Residual spherical aberration in the system will alter spherochromatic error due to the increased error in the optimized wavelength (FIG. 176).

FIGURE 176: Residual spherical aberration in the optimized wavelength of an SCT affects correction in all other wavelengths as well. Non-optimized wavelengths with spherical aberration at near-perfect correction of identical sign to the
e-line residual will have the aberration increased by similar amount (scaled according to the wavelength), while those with the base spherical aberration of opposite sign will have it reduced by nearly as much (generally, the error will be somewhat greater for shorter wavelength, and somewhat smaller for the longer ones).

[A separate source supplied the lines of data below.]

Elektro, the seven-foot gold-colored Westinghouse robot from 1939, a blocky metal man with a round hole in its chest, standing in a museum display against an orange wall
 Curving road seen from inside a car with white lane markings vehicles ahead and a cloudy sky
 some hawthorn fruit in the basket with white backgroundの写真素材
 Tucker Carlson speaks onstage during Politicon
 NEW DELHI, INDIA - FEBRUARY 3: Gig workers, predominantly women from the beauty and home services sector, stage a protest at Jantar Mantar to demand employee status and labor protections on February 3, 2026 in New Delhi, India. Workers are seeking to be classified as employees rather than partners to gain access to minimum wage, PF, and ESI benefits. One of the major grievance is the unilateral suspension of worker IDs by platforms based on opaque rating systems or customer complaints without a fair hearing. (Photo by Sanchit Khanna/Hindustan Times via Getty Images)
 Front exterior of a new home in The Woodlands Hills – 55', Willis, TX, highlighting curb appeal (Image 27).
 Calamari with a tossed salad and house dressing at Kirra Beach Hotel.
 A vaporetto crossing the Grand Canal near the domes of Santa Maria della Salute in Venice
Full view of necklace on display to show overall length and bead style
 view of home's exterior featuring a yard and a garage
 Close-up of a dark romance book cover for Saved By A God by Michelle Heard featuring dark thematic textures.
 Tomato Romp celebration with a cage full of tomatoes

The overall correction level is nearly certain to be worse, not only due to the error in the optimized wavelength, to which (and those relatively close to it ) the eye is most sensitive.  As the plot at right shows, the wavelengths with initially the opposite error sign (red), may only switch the sign, without major error decrease. This particular SCT would show noticeably more color in the blue/violet than when optimally corrected.

Since an SCT near-perfectly corrected for spherical aberration have blue wavelengths overcorrected, and red wavelengths undercorrected, a residual of, say, 1/4 wave P-V wavefront error of overcorrection in the optimized wavelength will increase spherochromatic error in the blue, and reduce it in the red (the plots are for a typical f/2/10 8-inch SCT with spherical mirrors). If the residual spherical is relatively significant, spherical correction in the red is likely to be actually better than in the optimized wavelength.

Consequently, the instrument will have more or less pronounced chromatic imbalance, with the negatively affected portion of the spectrum (blue/violet wavelengths in this example) possibly showing noticeably inferior chromatic correction in both, visual observing and imaging.


Presence of spherochromatism to some extent alters out of focus SCT images. As simulations for 200mm f/2/10 SCT show below, non-optimized colors are positioned differently with respect to the plane of observation. In some cases, it results in their diffraction patterns, superimposing one over another, being significantly different in shape, and that causes the compounded defocused pattern to become not only colored to some extent, but possibly also somewhat different in shape.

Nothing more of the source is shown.